Ross (1999) discussed issues that need to be taken into account when using Census data related to Indigenous people. She notes the problem of naming one language only, when we know that Aboriginal people are multi-lingual, especially when we consider varieties of English and creole as well as Indigenous languages. The extent to which Indigenous people speak pidgin and/or creole languages has not been adequately surveyed. Apparently the Pitjantjatjara lands did not participate fully in the 1996 Census so there is a gap in the data for that geographic region as well as for the Yam Island(s), Wyndham-Ekimb, Oombulgurri, and Warlpiri/Redgum/Wallaby camps Rockhole (Ross 1999, p.63).

Comparison of data over time can give an indication of the speed of language loss. Figure 11 shows a clear decline in the national number of people who claim to speak an Indigenous language at home, for all age groups. It also shows the trend for fewer younger people to be Indigenous language speakers.

Figure 11: Comparison of 1986-1996 ABS Census data on Indigenous language use in the home.
Note: The data available for this analysis from the 1986 Census only listed speakers of five years and older, so the comparison of 0-14 year olds from the 1996 data is with 5-14 year olds in the 1986 data. As both are given as percentages of the relevant age group, it is felt that the comparison is valid.

Figure 11: Comparison of 1986-1996 ABS Census data on Indigenous language use in the home

Source: ABS (1996a) data, in McConvell and Thieberger (2001)

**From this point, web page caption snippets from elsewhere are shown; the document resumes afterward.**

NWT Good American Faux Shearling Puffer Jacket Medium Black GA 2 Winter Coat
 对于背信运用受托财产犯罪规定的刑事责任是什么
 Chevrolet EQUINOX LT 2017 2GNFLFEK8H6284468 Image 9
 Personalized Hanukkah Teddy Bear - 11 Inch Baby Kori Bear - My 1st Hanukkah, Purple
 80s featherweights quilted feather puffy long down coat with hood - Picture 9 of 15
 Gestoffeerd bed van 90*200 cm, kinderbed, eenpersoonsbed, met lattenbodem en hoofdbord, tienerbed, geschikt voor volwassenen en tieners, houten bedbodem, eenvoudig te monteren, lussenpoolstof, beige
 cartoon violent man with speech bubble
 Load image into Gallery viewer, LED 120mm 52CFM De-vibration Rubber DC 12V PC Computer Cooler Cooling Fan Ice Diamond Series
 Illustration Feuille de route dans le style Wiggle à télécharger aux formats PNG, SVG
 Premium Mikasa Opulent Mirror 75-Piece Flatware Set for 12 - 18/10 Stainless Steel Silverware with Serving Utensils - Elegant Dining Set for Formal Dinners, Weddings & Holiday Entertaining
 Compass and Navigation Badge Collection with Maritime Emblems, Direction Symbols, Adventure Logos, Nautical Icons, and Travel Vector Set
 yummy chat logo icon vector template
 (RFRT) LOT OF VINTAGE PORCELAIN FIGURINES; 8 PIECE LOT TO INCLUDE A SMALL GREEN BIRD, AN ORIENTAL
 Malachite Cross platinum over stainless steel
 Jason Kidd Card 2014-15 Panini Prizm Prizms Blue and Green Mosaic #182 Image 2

Figure 11 also shows the tendency for Indigenous languages to be spoken by older people in both time periods. This is consistent with a shift from Indigenous languages to English. However, any interpretation of Figure 11 should bear in mind the unexpectedly high Indigenous population figures in the 1996 census, especially as the number of speakers rose 30% in absolute terms from 36 078 in 1986 (ABS 1991, p.42), to 46 811 in 1996 (ABS 1998, p.85). There may be a component of the increase in apparent Indigenous language speaker numbers which is related to pride in cultural heritage rather than actual increase in everyday or thorough use of a language. As loss of older language speakers and attrition eats into the speaker numbers as the present generation grows up, and this is magnified as the languages are not transmitted, it is doubtful if the increase in Indigenous language speaker population will keep pace in future with that recorded in 1986-1996.

Although an Indigenous language may be classified by linguists as 'dead' or 'dying' on the basis of linguistic criteria, that language still has meaning to the people of that language, which should be eligible for support, maintenance and sustained management procedures. It still remains of heritage value in some if not all cases.